それまでは、新しさの中に古さが残る建物でしたが、古くて良い部分を残しながら完全にリニューアルすることで和モダンの結婚式場として生まれ変わりました。
— これまでのリニューアル・リノベーションで株式会社ディーアンドエスは、どれを担当したのでしょうか。
平成28年に行なった客間として使っていた二階のお部屋と「1番」「2番」と呼ばれた貴賓室として使われていた最も古い客間、神前式でも使われていた座敷の広間の三ヶ所です。
— 具体的には、どのようなリノベーションが行われたのでしょうか。
ウェディングサロンの新設
ウェディングサロンは、もともとは接待や宿泊などで使用していた個室でした。中越大震災で建物が歪んでいて、お部屋の状態が良くなかったため使われていなかったお部屋です。私もこの部屋を始めてみた時に「庭が一望にできるお部屋なのに完全に遊んでいてもったいない」と思いました。当時は、結婚式をあげていると全館貸切りにしてしまうので式の相談に来られた方の受け入れができませんでした。
新たに2つの式場を増やすことで結婚式を売っていくためにはどうしても必要な施設だということで、式場の改装に先駆けてウェディングサロンを新設しました。新設されたこのサロンでは、眼下に広がるお庭で実際に結婚式をあげている新郎新婦が見えますので、お客様が自分の結婚式をイメージしやすいウェディングサロンになりました。
チャペル・バンケットの改修
チャペル・バンケットは、吹き抜けの空間としてリニューアルを行いました。もともとは伝統のある和室の中会場で挙式ができるお部屋で良い意味で言えば格式が高いのですが、畳敷きで靴を脱がなくてはいけないなど近隣の式場と比べて不便さが目立ちはじめてきており、社長の小林の悩みどころのひとつでした。
こちらの会場は、二階の床を取りのぞき吹抜けのあるモダンな和の空間に生まれ変わりました。レイアウトを変える事によってチャペルとしても、バンケット(披露宴会場)としても使用する事ができるようになりました。
神前式場の新設
新設した神前式場は、かつて政財界の要人たちが宿泊などに使っていた最も古い「1番」、「2番」と呼ばれている貴賓室でした。ここ数年はブライズルームとして、着付けやお色直しをする場所として使われていましたが、代々「守らなくてはいけない」と言われ、手をつけることを許されないお部屋でした。
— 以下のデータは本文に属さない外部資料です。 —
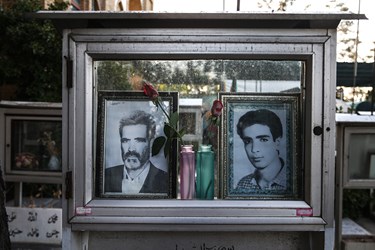 قاب عکس شهیدان در مزار شهدا -قطعه 24 بهشت زهرا(س)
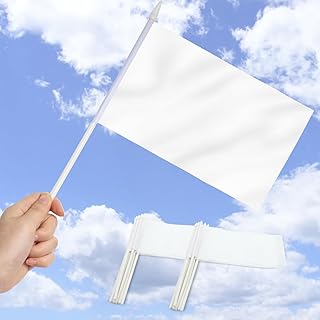 Pack of 12 Mini Hand Made White Mini Bunting - Fade Resistant and Vibrant Colors - 5" x 8" with Solid Rod and Spear Tip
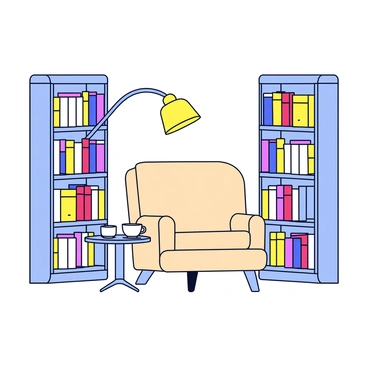 A small reading nook featuring a cozy armchair in a soft beige color. The chair has plush cushions and a slight recline, inviting relaxation. Surrounding the chair are tall shelves filled with various books, their covers in colorful designs. Above the chair, a warm yellow lamp emits a gentle glow, creating a welcoming ambiance in the nook. A small round side table sits next to the chair, holding a steaming cup of tea.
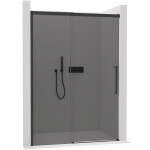 CERANO - Sprchové posuvné dvere Lantono Ľ/P - 8 mm - Soft-Close - čierna matná, grafitové sklo - 160x195 CER-8050BD7241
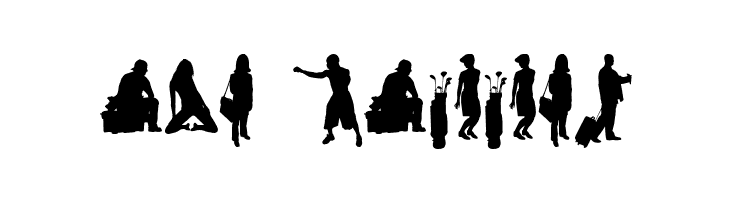 Human Silhouettes Free Seven  Free Fonts Download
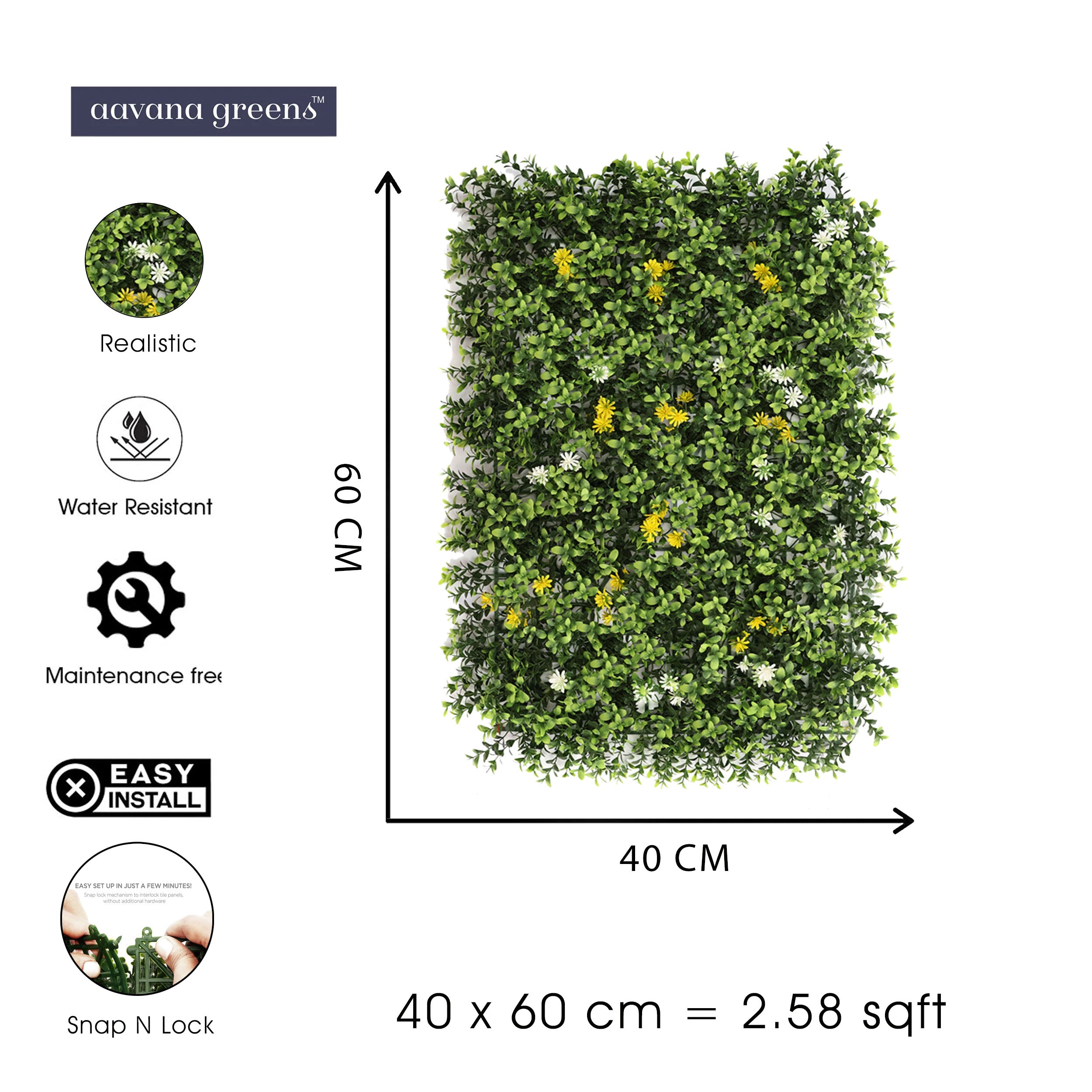 Artificial Vertical Garden Wall Panel 40X60 CM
和室の中会場をチャペル・バンケットに改修したことで神前式の式場を作らなければならなくなり、新築で建てるか既存の施設をリノベーションするかの選択を迫られました。最終的には代表の小林と現会長が、次代に残し愛される小林樓にしていかなくてはならないという英断でこの貴賓室をリノベーションしたのですが、いざプランに落し込むのはとても大変だったようです。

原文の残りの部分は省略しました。